===== Available data

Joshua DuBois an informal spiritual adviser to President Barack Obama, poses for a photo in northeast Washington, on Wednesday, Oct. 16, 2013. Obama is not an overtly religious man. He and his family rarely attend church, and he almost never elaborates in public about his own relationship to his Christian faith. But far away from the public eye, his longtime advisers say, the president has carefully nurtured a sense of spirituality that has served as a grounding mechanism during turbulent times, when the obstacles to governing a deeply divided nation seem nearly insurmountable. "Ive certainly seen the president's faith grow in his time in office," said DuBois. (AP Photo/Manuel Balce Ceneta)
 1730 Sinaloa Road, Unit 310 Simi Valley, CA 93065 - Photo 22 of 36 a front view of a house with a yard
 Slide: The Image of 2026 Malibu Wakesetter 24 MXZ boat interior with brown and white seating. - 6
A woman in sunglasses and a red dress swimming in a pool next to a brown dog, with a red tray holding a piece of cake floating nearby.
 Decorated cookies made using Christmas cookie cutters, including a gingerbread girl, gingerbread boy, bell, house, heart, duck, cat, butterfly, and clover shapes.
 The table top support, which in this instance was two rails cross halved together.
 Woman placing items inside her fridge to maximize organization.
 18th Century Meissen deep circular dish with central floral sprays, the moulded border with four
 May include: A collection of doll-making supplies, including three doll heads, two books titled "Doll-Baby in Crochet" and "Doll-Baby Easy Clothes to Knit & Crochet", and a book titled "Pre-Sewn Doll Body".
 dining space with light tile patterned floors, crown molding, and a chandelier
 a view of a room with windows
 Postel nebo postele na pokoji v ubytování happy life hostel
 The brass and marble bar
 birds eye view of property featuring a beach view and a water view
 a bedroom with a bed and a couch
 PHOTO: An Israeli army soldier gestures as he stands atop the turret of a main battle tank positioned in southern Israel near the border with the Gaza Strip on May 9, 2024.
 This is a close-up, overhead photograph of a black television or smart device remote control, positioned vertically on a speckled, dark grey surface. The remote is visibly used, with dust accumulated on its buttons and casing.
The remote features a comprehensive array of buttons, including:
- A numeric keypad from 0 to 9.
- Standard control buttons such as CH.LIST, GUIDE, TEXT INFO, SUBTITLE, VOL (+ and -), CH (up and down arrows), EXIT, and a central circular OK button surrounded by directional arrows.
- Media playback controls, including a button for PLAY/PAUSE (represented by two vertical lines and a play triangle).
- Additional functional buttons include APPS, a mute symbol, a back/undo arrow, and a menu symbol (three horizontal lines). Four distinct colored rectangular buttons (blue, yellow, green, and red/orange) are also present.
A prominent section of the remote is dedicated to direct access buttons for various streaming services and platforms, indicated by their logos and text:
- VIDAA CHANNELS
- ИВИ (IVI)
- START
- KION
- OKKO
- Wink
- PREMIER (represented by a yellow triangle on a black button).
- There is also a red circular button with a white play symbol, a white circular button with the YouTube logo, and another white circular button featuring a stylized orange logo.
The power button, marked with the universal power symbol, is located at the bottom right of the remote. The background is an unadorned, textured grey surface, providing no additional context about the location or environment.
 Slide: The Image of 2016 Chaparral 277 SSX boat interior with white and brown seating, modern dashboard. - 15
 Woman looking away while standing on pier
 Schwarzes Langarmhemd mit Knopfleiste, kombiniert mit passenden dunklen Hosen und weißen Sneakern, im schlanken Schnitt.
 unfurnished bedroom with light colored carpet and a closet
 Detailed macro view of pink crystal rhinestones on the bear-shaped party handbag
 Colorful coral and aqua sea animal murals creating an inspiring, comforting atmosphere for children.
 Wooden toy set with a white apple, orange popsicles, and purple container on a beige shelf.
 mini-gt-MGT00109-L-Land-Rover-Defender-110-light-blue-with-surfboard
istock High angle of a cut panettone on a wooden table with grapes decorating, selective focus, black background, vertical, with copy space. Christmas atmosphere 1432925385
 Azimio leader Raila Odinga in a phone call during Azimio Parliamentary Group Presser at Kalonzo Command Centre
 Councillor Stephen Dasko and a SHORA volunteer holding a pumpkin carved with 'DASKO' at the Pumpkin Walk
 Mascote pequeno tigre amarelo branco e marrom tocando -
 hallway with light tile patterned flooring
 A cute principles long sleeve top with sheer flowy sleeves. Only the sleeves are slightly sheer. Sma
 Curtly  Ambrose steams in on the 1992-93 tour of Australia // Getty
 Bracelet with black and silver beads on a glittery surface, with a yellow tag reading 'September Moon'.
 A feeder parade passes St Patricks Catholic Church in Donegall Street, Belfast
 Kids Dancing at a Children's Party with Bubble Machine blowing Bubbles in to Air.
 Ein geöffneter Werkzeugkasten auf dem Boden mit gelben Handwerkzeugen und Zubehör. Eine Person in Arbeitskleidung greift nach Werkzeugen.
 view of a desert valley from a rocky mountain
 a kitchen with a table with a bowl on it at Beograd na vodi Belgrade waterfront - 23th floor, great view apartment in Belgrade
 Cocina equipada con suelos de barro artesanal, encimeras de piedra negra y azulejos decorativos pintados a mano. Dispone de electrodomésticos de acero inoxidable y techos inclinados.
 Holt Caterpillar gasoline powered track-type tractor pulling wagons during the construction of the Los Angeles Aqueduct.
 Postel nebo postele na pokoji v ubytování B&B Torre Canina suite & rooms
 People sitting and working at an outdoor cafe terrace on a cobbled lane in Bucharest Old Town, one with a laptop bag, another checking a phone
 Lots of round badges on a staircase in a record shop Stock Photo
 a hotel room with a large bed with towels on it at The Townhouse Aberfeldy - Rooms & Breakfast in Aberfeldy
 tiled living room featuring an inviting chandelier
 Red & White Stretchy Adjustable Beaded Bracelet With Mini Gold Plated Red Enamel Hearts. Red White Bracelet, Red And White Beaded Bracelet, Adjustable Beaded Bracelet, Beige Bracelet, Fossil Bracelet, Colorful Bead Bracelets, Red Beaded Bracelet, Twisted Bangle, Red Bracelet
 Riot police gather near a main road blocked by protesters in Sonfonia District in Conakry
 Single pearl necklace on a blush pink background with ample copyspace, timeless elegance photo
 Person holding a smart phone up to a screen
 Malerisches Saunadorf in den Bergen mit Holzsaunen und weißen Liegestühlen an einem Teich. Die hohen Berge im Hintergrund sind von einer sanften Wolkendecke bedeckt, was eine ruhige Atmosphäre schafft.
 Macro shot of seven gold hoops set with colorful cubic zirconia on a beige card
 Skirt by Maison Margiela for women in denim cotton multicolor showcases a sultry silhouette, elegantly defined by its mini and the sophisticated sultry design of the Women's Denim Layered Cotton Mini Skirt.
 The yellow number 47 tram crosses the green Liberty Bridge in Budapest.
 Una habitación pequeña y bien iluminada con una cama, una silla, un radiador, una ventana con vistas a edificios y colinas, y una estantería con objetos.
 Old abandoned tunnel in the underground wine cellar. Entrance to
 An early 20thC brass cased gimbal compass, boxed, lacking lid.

==========

Within the data above, the span starting at the line containing "The power button, marked" and ending at the line containing "Woman looking away while standing on pier" is to be retyped exactly, with no other lines.

## Response:
The power button, marked with the universal power symbol, is located at the bottom right of the remote. The background is an unadorned, textured grey surface, providing no additional context about the location or environment.
 Slide: The Image of 2016 Chaparral 277 SSX boat interior with white and brown seating, modern dashboard. - 15
 Woman looking away while standing on pier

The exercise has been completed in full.